#### [Exercise]
Set the pictures aside and set down only the lines from the line holding "10Pcs Set Replacement" through the end of the entries below, ends included.

#### [Data shown]

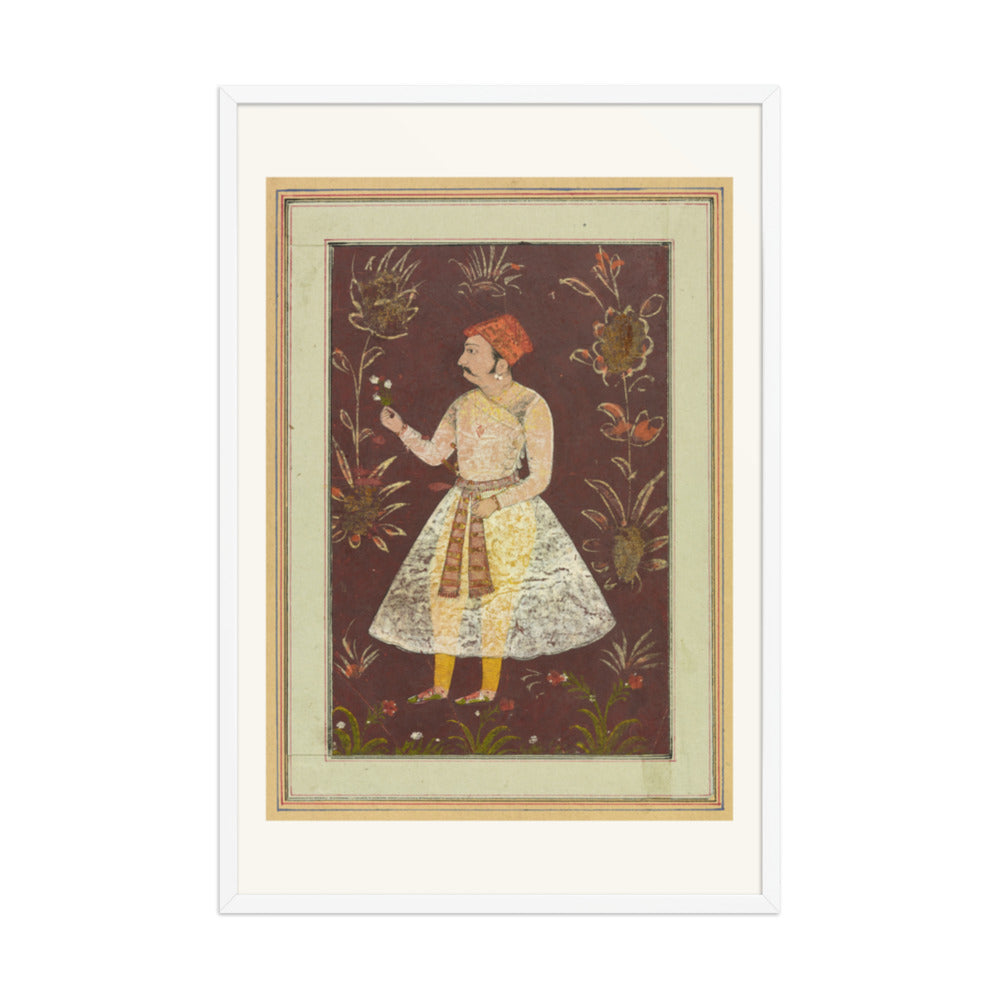 A Rajput Nobleman — Restored Rajput Wall Art — view 12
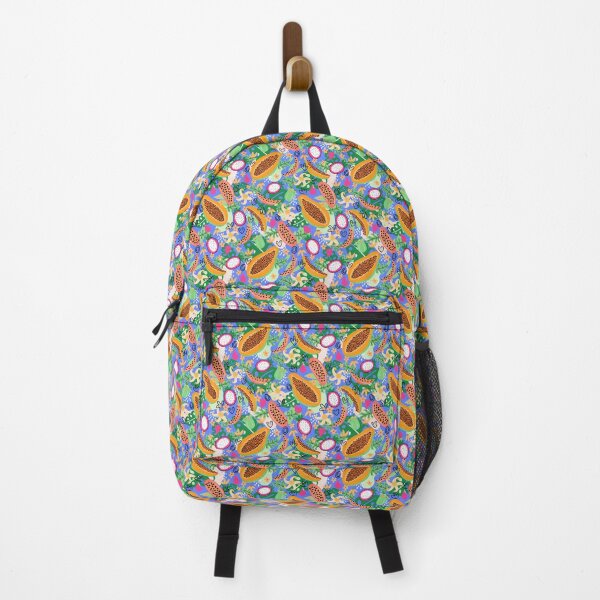 Item preview, Papaias Mood Floral tropical neon blue designed and sold by pholiumsigma_design.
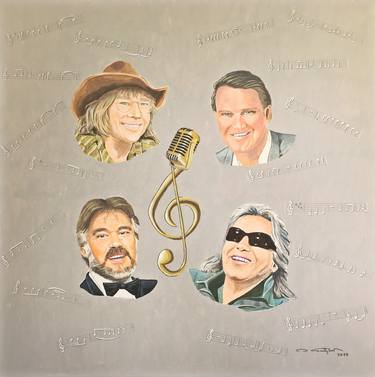 Print of Fine Art Music Paintings by Ingrid Stiehler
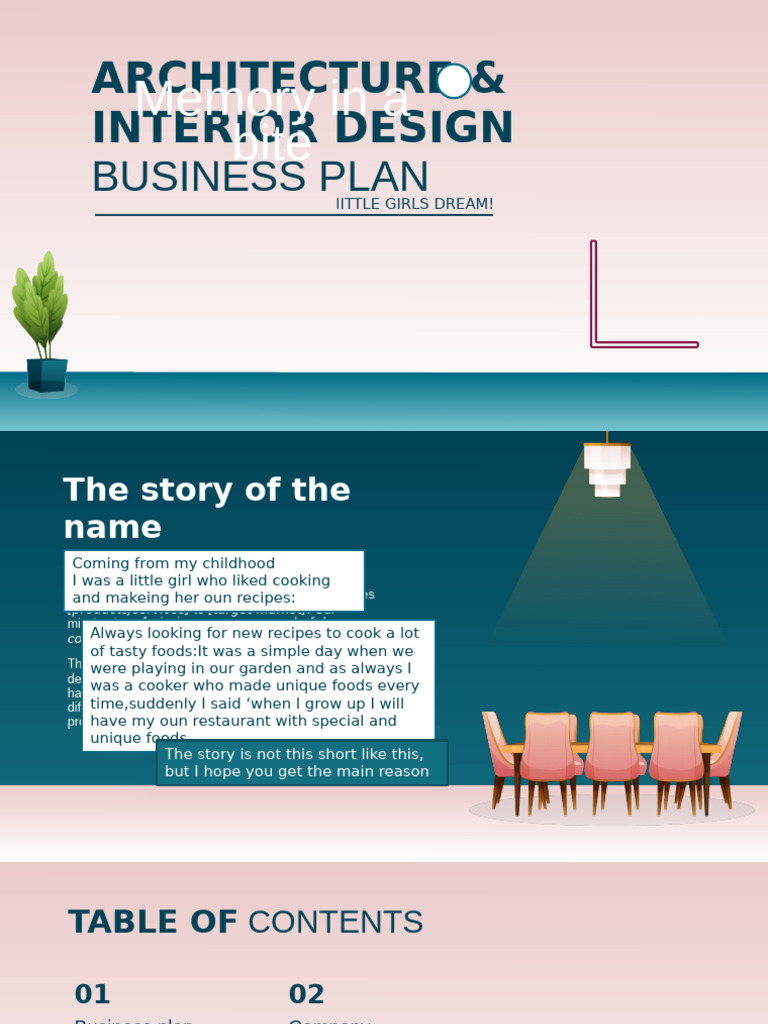Architecture & Interior Design Business Plan by Slidesgo | PDF ...
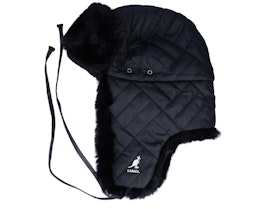 Quilted Black Trapper - Kangol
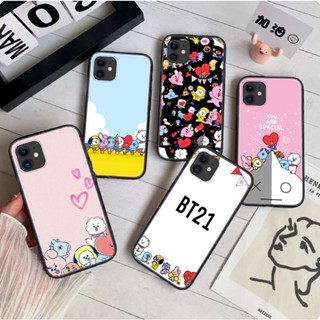 เคสโทรศัพท์ TPU แบบนิ่ม ลาย BT21 น่ารัก สําหรับ iPhone SE 2020 12 Mini 13 Pro Max 20F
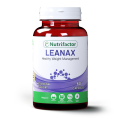 Nutrifactor Leanax Healthy Weight Management Supplement For Fat Burn 60s Capsules. 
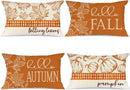 Axyaa Fall Pumpkin Maple Leaf Pillowcase Decoration - 40X60cm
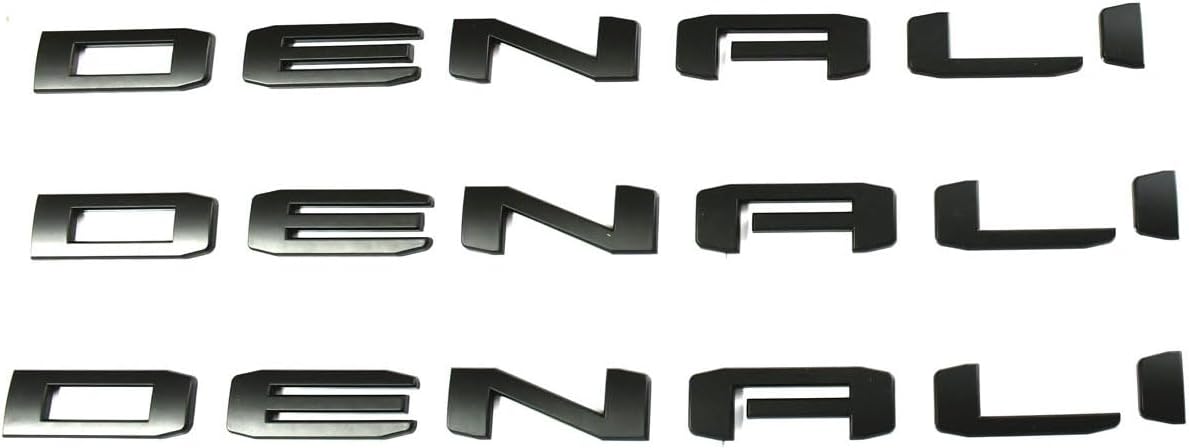 10Pcs Set Replacement for 2024-2025 Sierra 2500HD 3500HD Denali HD Emblems Car Badge Kit 86591515 (Matte Black)
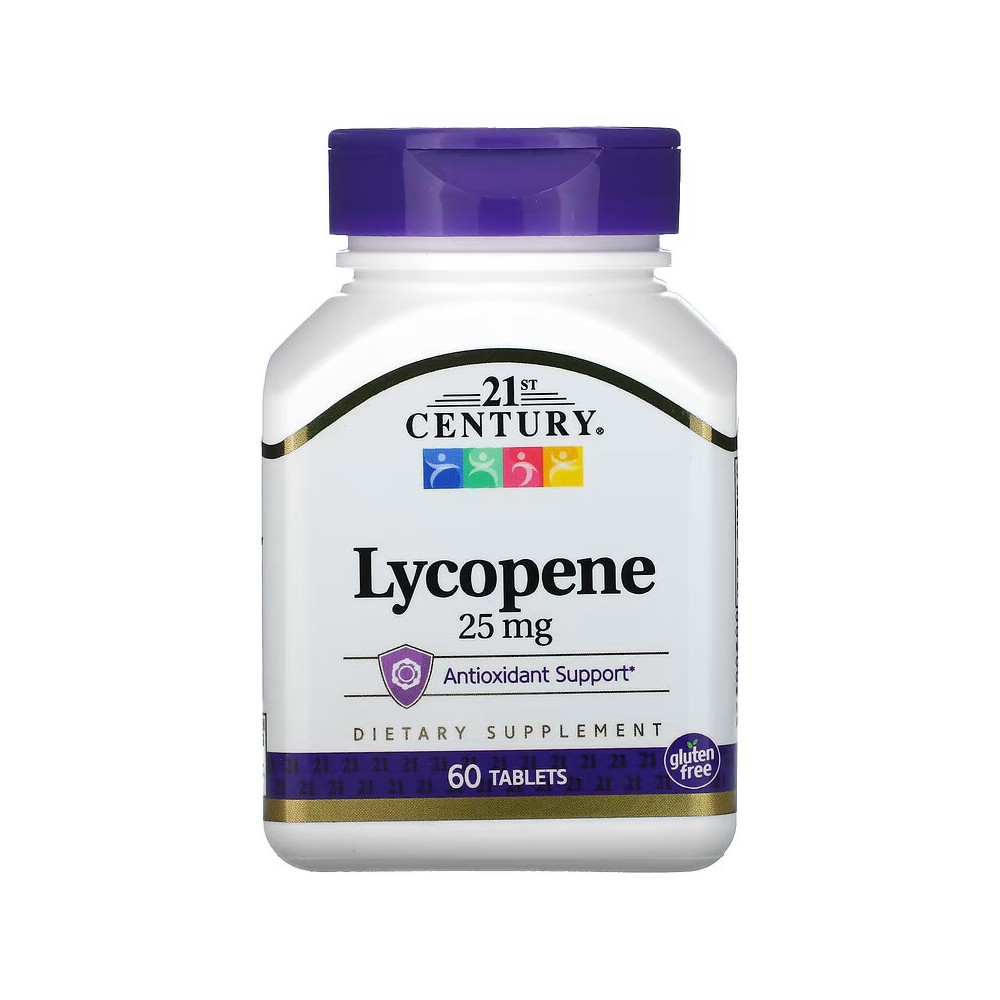 Licopeno, 25 mg, 60 comprimidos de 21st Century 21ST Century HealthCare CEN-22400 Antioxidantes salud.bio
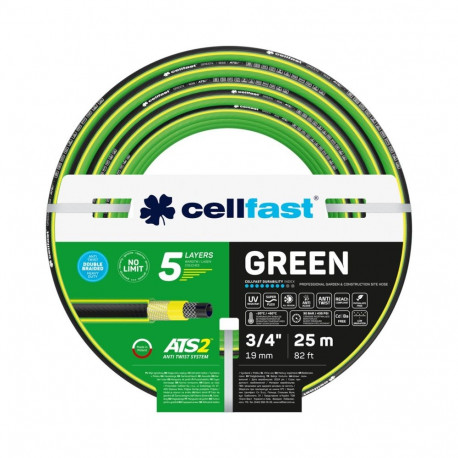 CELLFAST GREEN ATS2 garden hose 25 m Green, Black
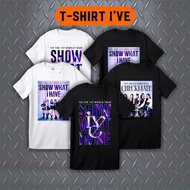 Baju IVE Inspired T-Shirt Wonyoung Liz Yujin Gaeul Lesseo Rei Fans Tee Shirt Unisex Short Sleeve Cot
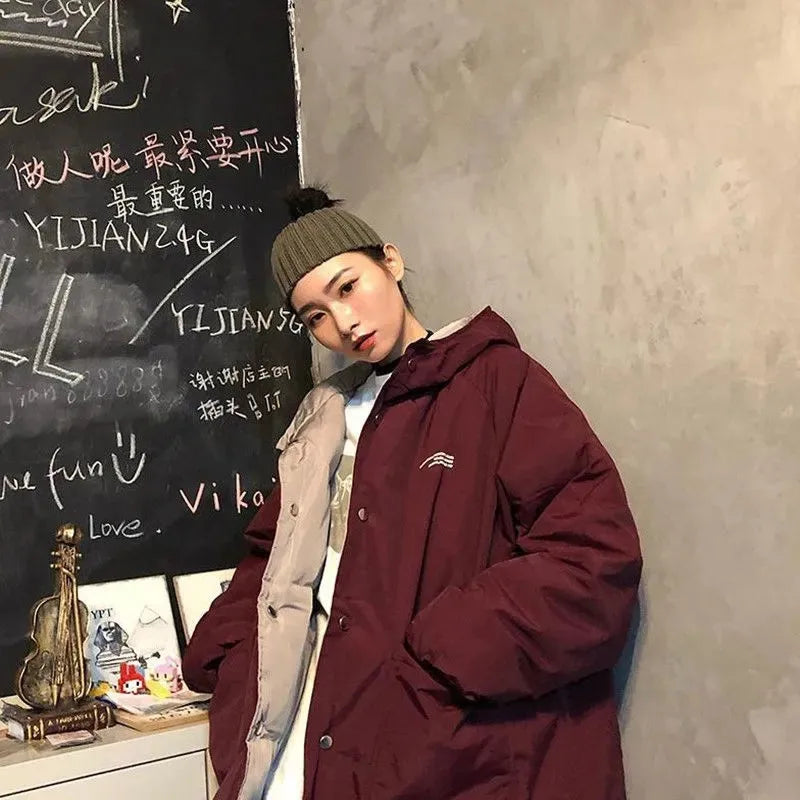 Women’s Velvet Lined Jacket – Casual & Loose Fit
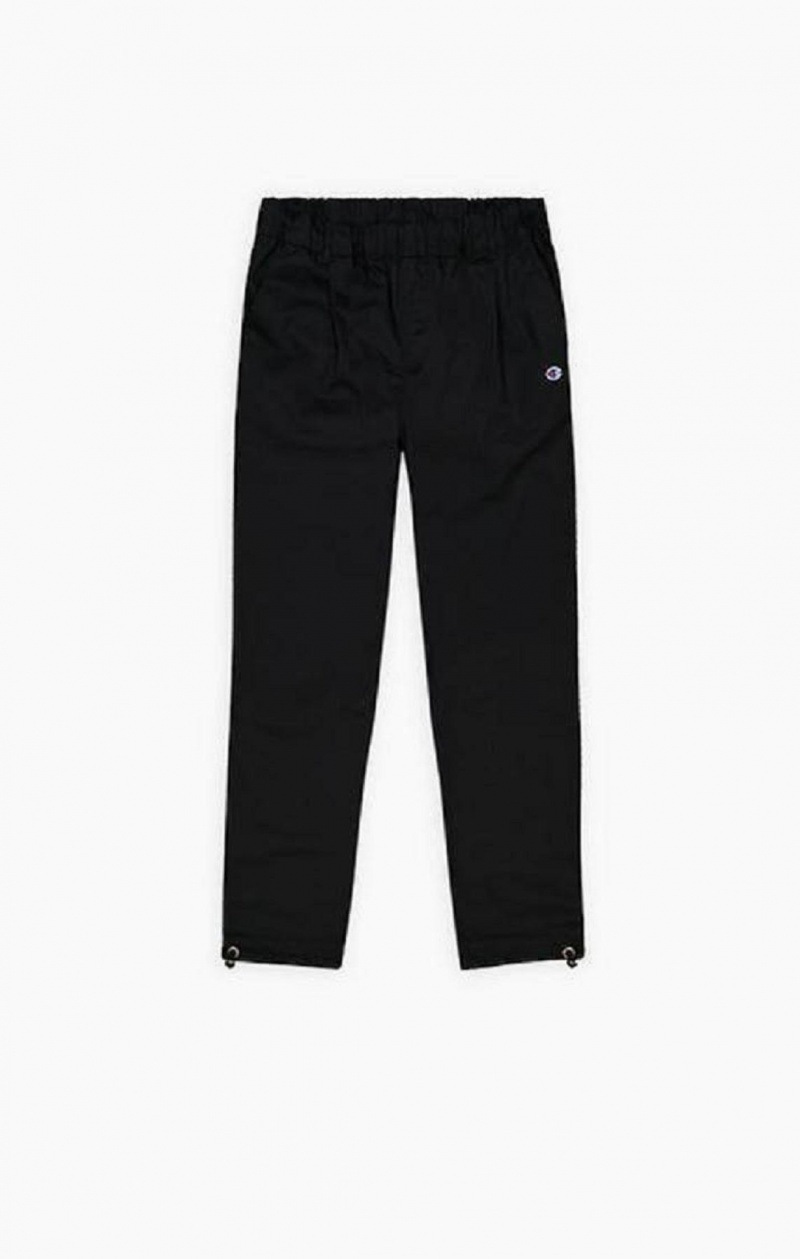 Champion Drawstring Cuffed Woven Joggers Jogger Nohavice Panske Čierne | 5082-BEIMU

#### [Your response]
 10Pcs Set Replacement for 2024-2025 Sierra 2500HD 3500HD Denali HD Emblems Car Badge Kit 86591515 (Matte Black)
 Licopeno, 25 mg, 60 comprimidos de 21st Century 21ST Century HealthCare CEN-22400 Antioxidantes salud.bio
 CELLFAST GREEN ATS2 garden hose 25 m Green, Black
 Baju IVE Inspired T-Shirt Wonyoung Liz Yujin Gaeul Lesseo Rei Fans Tee Shirt Unisex Short Sleeve Cot
 Women’s Velvet Lined Jacket – Casual & Loose Fit
 Champion Drawstring Cuffed Woven Joggers Jogger Nohavice Panske Čierne | 5082-BEIMU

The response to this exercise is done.